To do -> Without the pictures, print the lines running from the beginning of the material to the line containing "DAF XF105, box trucks / box vans", both ends included.

Study material ->

[Start of section]

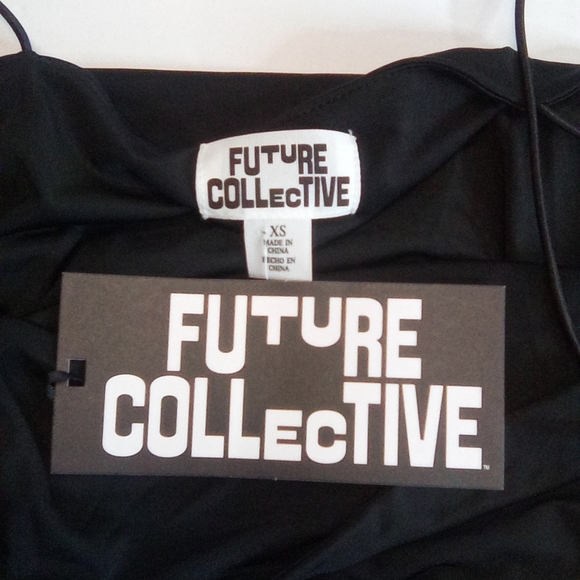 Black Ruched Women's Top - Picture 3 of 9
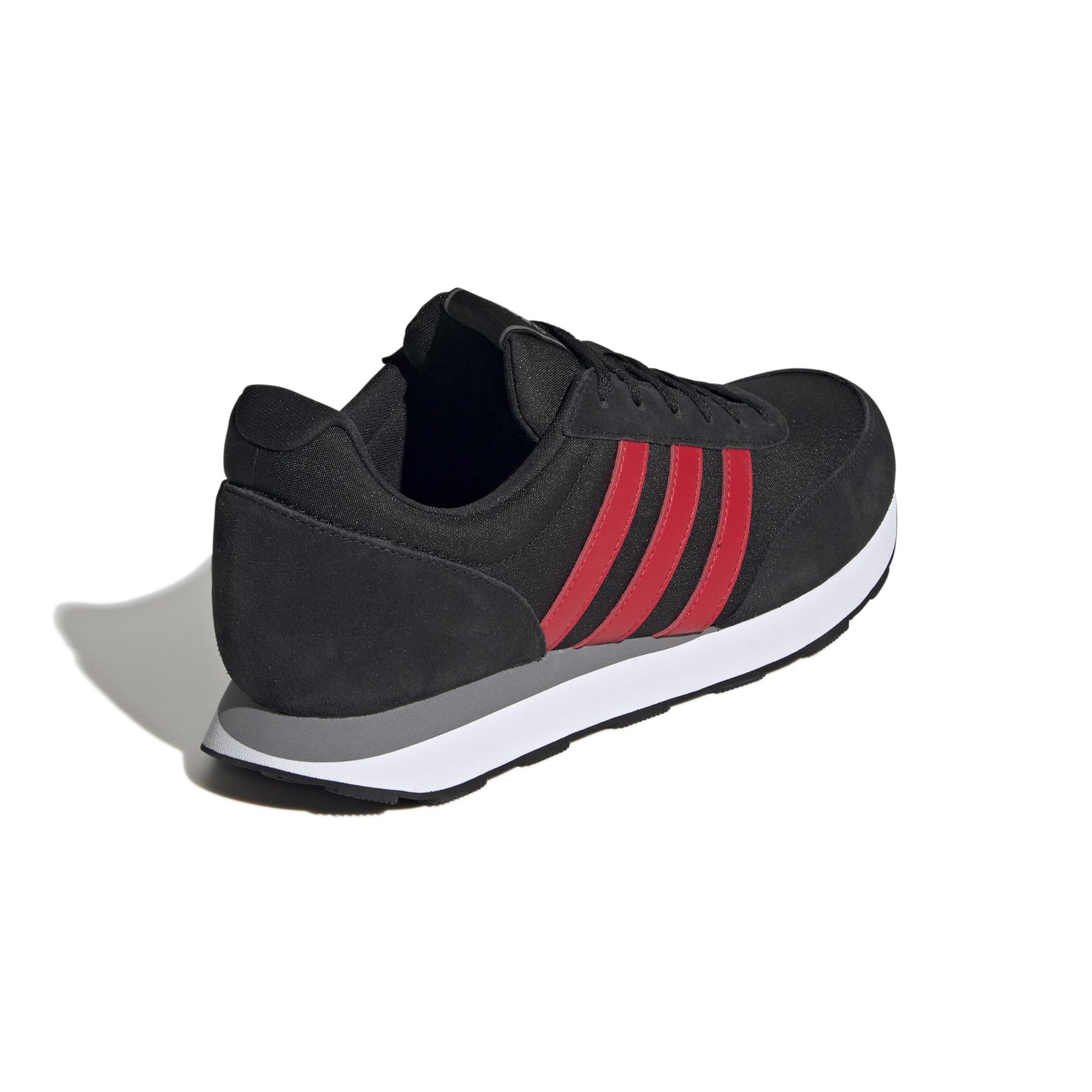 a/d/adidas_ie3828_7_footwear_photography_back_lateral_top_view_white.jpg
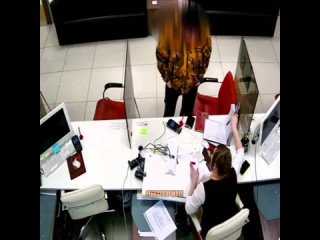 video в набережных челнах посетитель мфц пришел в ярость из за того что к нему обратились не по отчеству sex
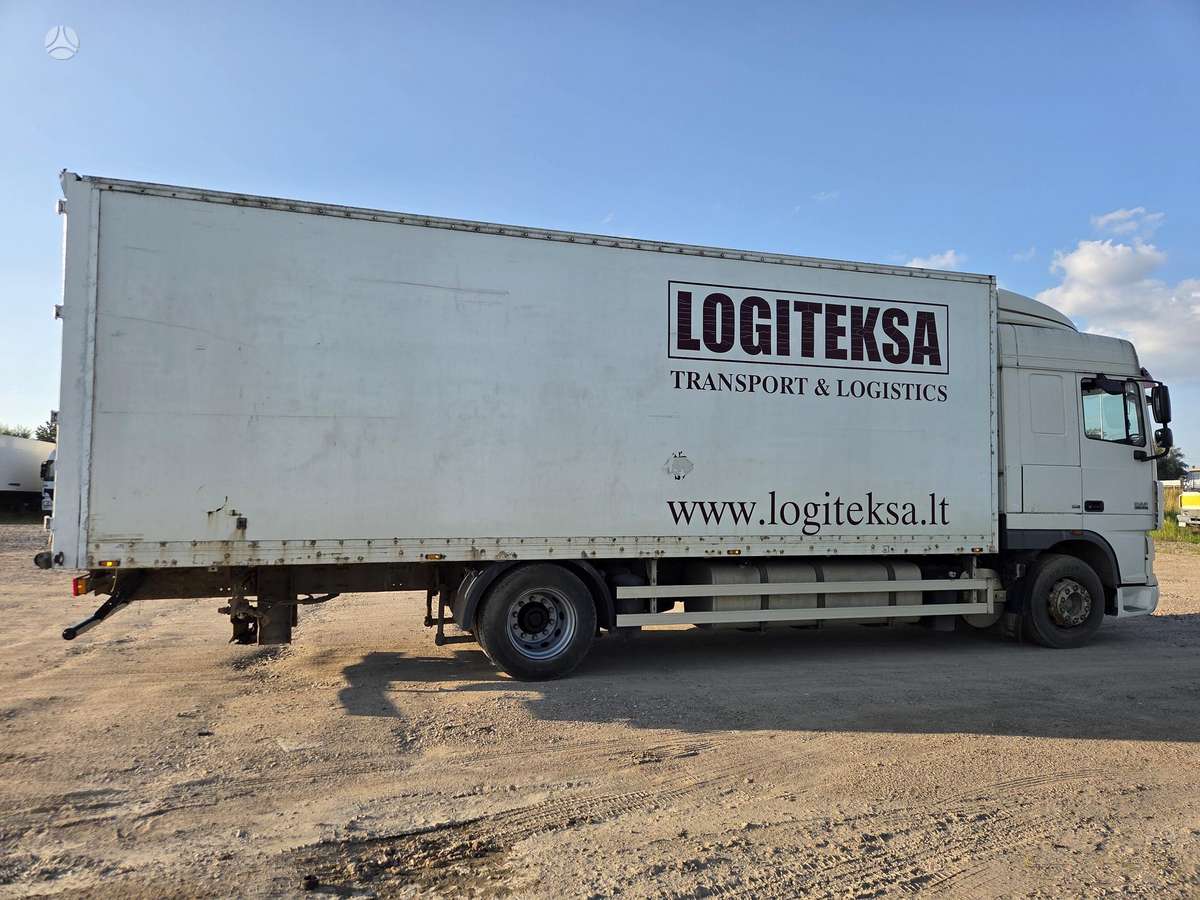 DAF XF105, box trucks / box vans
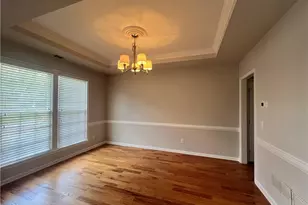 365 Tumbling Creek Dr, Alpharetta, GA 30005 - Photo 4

[End of section]

Solution for this task ->
 Black Ruched Women's Top - Picture 3 of 9
 a/d/adidas_ie3828_7_footwear_photography_back_lateral_top_view_white.jpg
 video в набережных челнах посетитель мфц пришел в ярость из за того что к нему обратились не по отчеству sex
 DAF XF105, box trucks / box vans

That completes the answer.